III. Reflexión Final:
                        Nos guste o no nos guste, hasta los peores genocidas, torturadores y delincuentes en general están amparados por las normas de derechos humanos y tienen derecho a que se respete su derecho al debido proceso, a la irretroactividad de las leyes, y a la cosa juzgada. No podemos violar los derechos humanos de unos para perseguir el juzgamiento de crímenes cometidos en perjuicio de otros.
                        Y he allí lo maravilloso de los derechos humanos: son de todos y para todos, y no de algunos en perjuicio de otros. Los derechos humanos no son patrimonio de la derecha ni de la izquierda; al contrario: son demasiado importantes para dejarlos en manos de una parcialidad.
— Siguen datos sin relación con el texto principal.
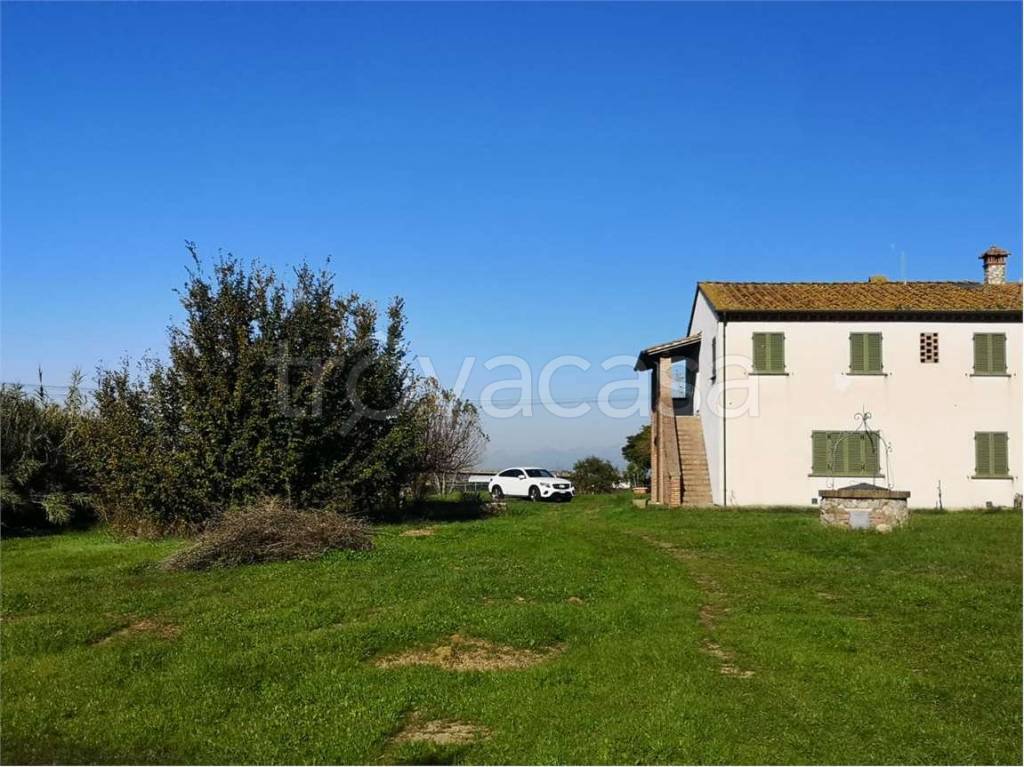 casa indipendente in vendita a Crespina Lorenzana in zona Lavoria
[1] Para mayor desarrollo, puede verse nuestro artículo “Crimen y Castigo. Los Derechos Humanos en Argentina a Fines del Siglo XX”, en Revista Científica de la Universidad de Ciencias Empresariales y Sociales, Vol. IV, n* 2, Primavera de 2000, pág. 238 y ss.
[2] Nino, Carlos S., Juicio al Mal Asoluto, Buenos Aires, Emecé, 1996, pág. 114. En el mismo sentido puede verse Vanossi, Jorge, “Una ley necesaria para seguir adelante”, en La Nación del 2 de marzo de 2003, Sección 7, página 5.
[3] Cassese, Antonio, Los Derechos Humanos en el Mundo Contemporáneo, Barcelona, Ariel, 1991, pág. 185.
[4] Fallos 315:1492. 
[5] Según lo resuelto en “Martín y Cía. Ltda.”, de 1963 (Fallos 257:99) y en “Esso S.A. Petrolera Argentina”, de 1968, (Fallos 271:7)
[6] Gordillo, Agustín, “Decláranse Insanablemente nulas las leyes 23.492 y 23.521” en La Ley del 25 de Agosto de 2003, pág. 1.
[7] Lo correcto terminológicamente es decir: “la Comisión Interamericana opina (o sostiene) que dichas leyes son nulas” y no que “las declaró nulas”.
[8] Hemos tratado el tema con mayor detalle en nuestro libro El Bloque de Constitucionalidad: La Recepcion del Derecho Internacional de los Derechos Humanos en el Derecho Constitucional Argentino, Buenos Aires, La Ley, 2003, pág. 274.